I was adding packages, on a quest to get all of my built-in devices working, and got a note to add *vfs.root.mountfrom=zfs:tank* to */boot/loader.conf*.  Upon reboot I get a string of lines *Solaris: NOTICE: Cannot find the pool label for 'tank'*, them *Mounting from zfs:tank failed with error 5.*, ending up with a prompt *mountroot>*.  I know I must remove that offensive line from loader.conf, but I can't get past that mountroot> prompt.

I attempted booting from a live CD, but I find myself clueless how to get the filesystem on my hard disk mounted in this live CD environment.

*I request some direction as to how to get this fixed.*

I'm running FreeBSD 12.1 Release amd64 downloaded 2020Mar09.  The live CD is also from the same release.  I'm using an old MacBook (late 2006 model).  My hard disk used the ZFS filesystem with the default "use entire disk".


----------



## 20-100-2fe (Mar 20, 2020)

Can you try and type zfs:zroot/ROOT/default at the mountroot> prompt?


----------



## George (Mar 20, 2020)

Can you boot into single user mode?

Or, in the live CD, chose the option shell. Figure 2.3, “Welcome Menu”
There you should be able to mount your zfs partition. e.g. `mount /dev/ada0p2 -o rw /mnt`. Then edit the file /boot/loader.conf, with either ee, or vi..

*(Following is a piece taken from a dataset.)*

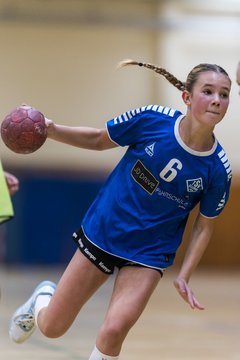 Bild 279 - wBJ TSV Ellerau - HSG Stoertal Hummeln : Ergebnis: 26:19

But I am not 100% sure on that. ;D


----------



## Michael Faklis (Mar 20, 2020)

Elazar said:


> Can you boot into single user mode?
> 
> Or, in the live CD, chose the option shell. Figure 2.3, “Welcome Menu”
> There you should be able to mount your zfs partition. e.g. `mount /dev/ada0p2 -o rw /mnt`. Then edit the file /boot/loader.conf, with either ee, or vi..
> ...


Y


20-100-2fe said:


> Can you try and type zfs:zroot/ROOT/default at the mountroot> prompt?


Thank you.  This worked like a charm, so I was able to fix the problem in loader.conf.

Would you be able to tell me where I should have been able to learn this?


----------



## Emrion (Mar 20, 2020)

This kind of problem doesn't allow to boot in single user mode since the system can't mount the root anyway.
You can also boot on a FreeBSD disk/stick, import the pool & `zfs mount zroot/ROOT/default`, but it's far longer than the *20-100-2fe* solution.

FYI, the solution is writed on the screen just before `mountroot>` among other typical answers (depending the file system you actually use).

PS : also, take a look at the boot environments (`bectl`). It's useful when you are unsure about the change you make in vital configuration files.


----------



## 20-100-2fe (Mar 20, 2020)

Michael Faklis said:


> Thank you.  This worked like a charm, so I was able to fix the problem in loader.conf.
> 
> Would you be able to tell me where I should have been able to learn this?



The name 'tank' appears in the Handbook and other documents about ZFS, it's not a real name.
When you install FreeBSD (e.g. in a VM) and type 'mount', you see the dataset mounted on / is 'zroot/ROOT/default'.
The error message says it can't find zfs:tank, so the expected syntax is zfs:<dataset>, hence zfs:zroot/ROOT/default.


----------



## George (Mar 21, 2020)

Messing up one's loader.conf file is one of those painful experiences every FreeBSD user goes through at some point.


----------